Lutful Ahmed Labu (born 3 March 1958), better known as Labu Rahman, S/O Abdur Rahman Akhanjee Mother Latifa Khatoon Spouse Smeeta Kazi is a Bangladeshi musician, singer, songwriter, composer and Guitar teacher. He is one of the senior guitarists in Bangladesh who played guitar as a session musician with many legendary singers of Bangladesh Like : Sabina Yasmin, Andrew Kishwer, Baby Naznen, Sheik Ishtiak, Kumar Biswajit, Saba Tani and many more artists as live and in their albums. His current band is 'Feedback' which is also one of the old and famous music bands in Bangladesh.

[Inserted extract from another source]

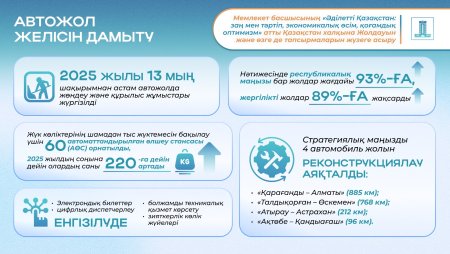 АВТОЖОЛДАРДЫҢ НОРМАТИВТІК ЖАҒДАЙЫ 93%-ҒА ЖЕТКІЗІЛДІ – ПРЕЗИДЕНТ ЖОЛДАУЫНЫҢ ОРЫНДАЛУЫ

Labu Rahman has also many guitar students who are playing guitar in many famed music bands.

== Career ==
He started playing guitar in 1973. He joined the band Ananda in 1975. In 1977 he joined Uccharon, the band of Azam Khan.During playing guitar with 'Azam Khan', he wrote and composed a hit song 'Ami Jare Chai re Shey thake Morei Ontore'. He stayed for a couple of years with Azam khan, and in 1980 he started playing in the band Symphony at the Merry Anderson, floating restaurant in Pagla near Narayanganj. By this time, he had become a professional musician, playing in orchestras as a session musician in Dhaka, as well as touring internationally with national artists of Bangladesh.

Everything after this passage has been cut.